I learned a lot of things from this project. First and foremost was the importance of using sparse matrices and setting their values efficiently and correctly. I was also reminded (many times) about the sensitivity of least squares solvers to outliers when making small mistakes in how I set up the constraints, and that overflow issues can often go undected and cause weird errors much lower down the line.
I used the approach described above to exactly reconstruct the Toy Story image given gradients and the top left pixel value.
I used the standard Poisson blending approach above to blend the penguin image into the snow image to get the following blended image.

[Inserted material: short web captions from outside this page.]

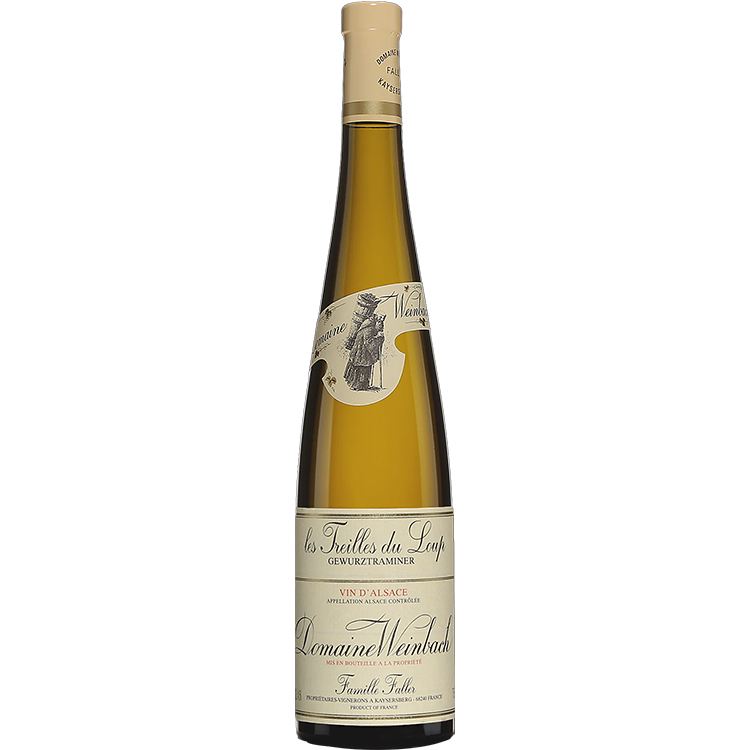 Domaine Weinbach Gewurztraminer Les Treilles du Loup 2022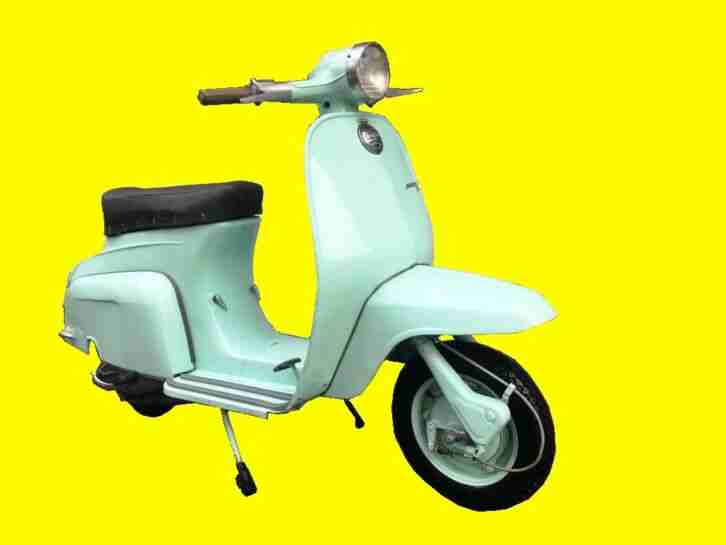 Roller Lambretta J50 1967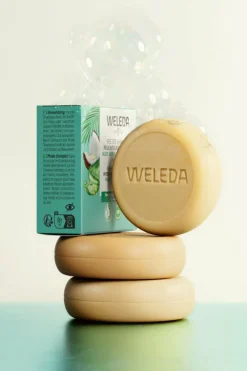 Shampooing solide hydratation & brillance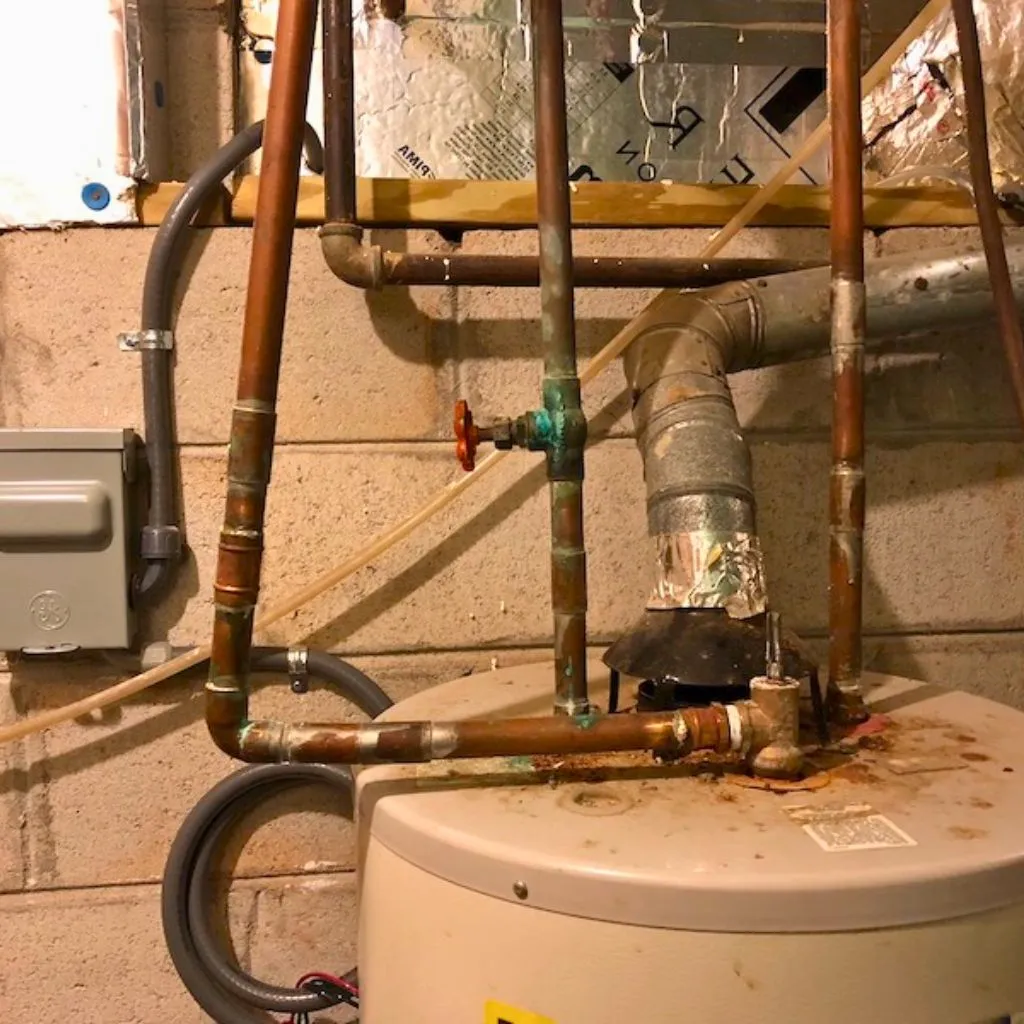 Water Heater Repair in Mountain Grove, MO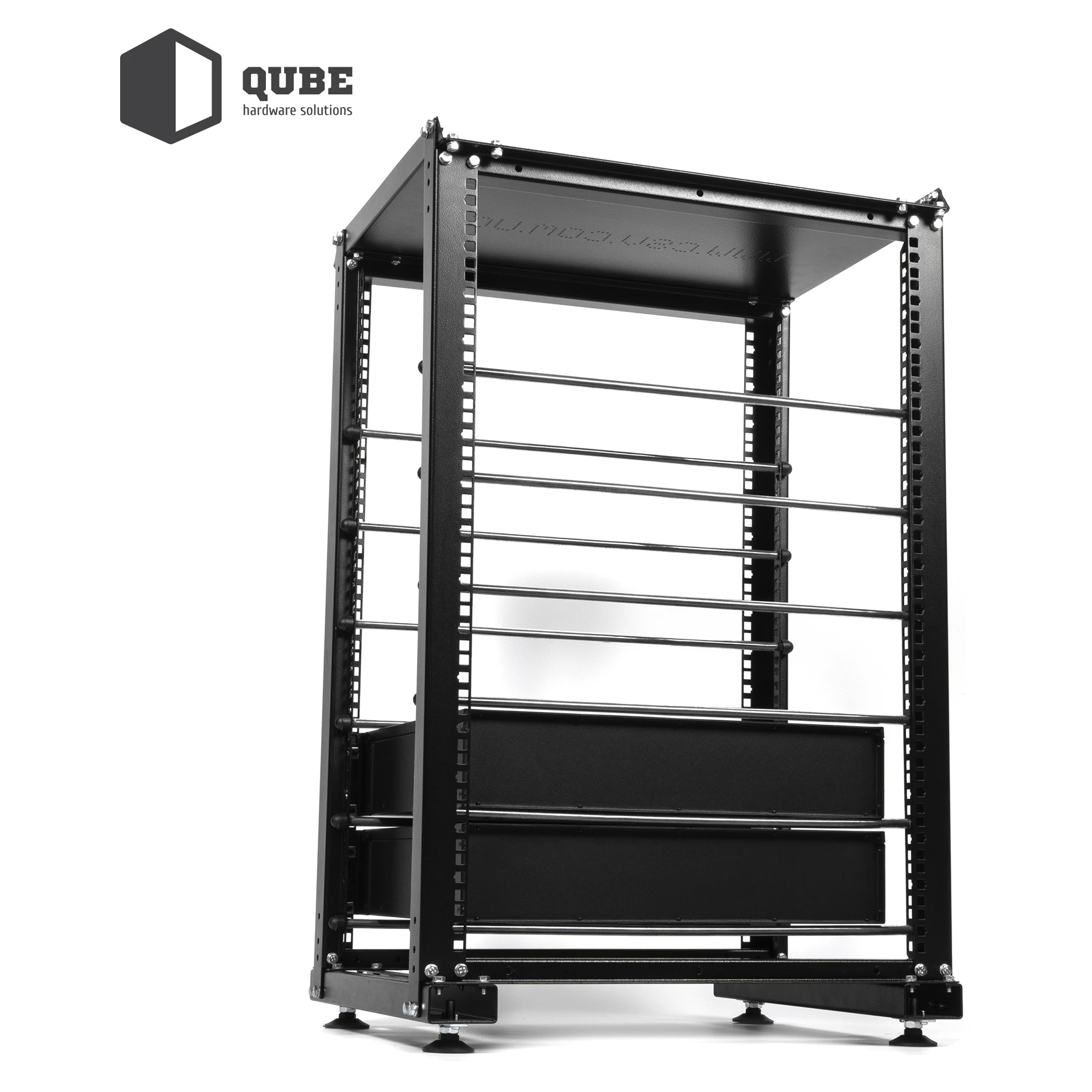 Купити Стійка QUBE для 6 акумуляторів B4850 (QB16U6BAT) - фото 11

I again used the standard Poisson blending approach above to blend a penguin chick into a differnt snow image to get the following blended image.
I once again used the standard Poisson blending approach above to blend the image of Jesus' face and the Mona Lisa. Although these two images are not ideal candidates for blending (since the orientation of the two faces is different), I chose to do this to see if the blending would work. All in all, it worked ok, although the beard and the left edge of Mona Jesus' face are a little weird.
I once again used the standard Poisson blending approach above to blend the image of the lifesaver into a pool.
I once again used the standard Poisson blending approach above to blend the image of the shark into a pool.
As described above, I used a couple approaches to try and blend these images (though none were as ideal as I would have liked). In order are the original images, the standard Poisson blended image, the image blended with the standard mixed gradients Poisson blending technique, and the image blended with the thesholding approach described above (param=40).
All images taken from the examples provided with the project or from Google Images. I manually resized some of the source images so they would fit in the target images.
Thanks to the course staff for a great semester and a fun course, and for adapting to everything that happened this semester!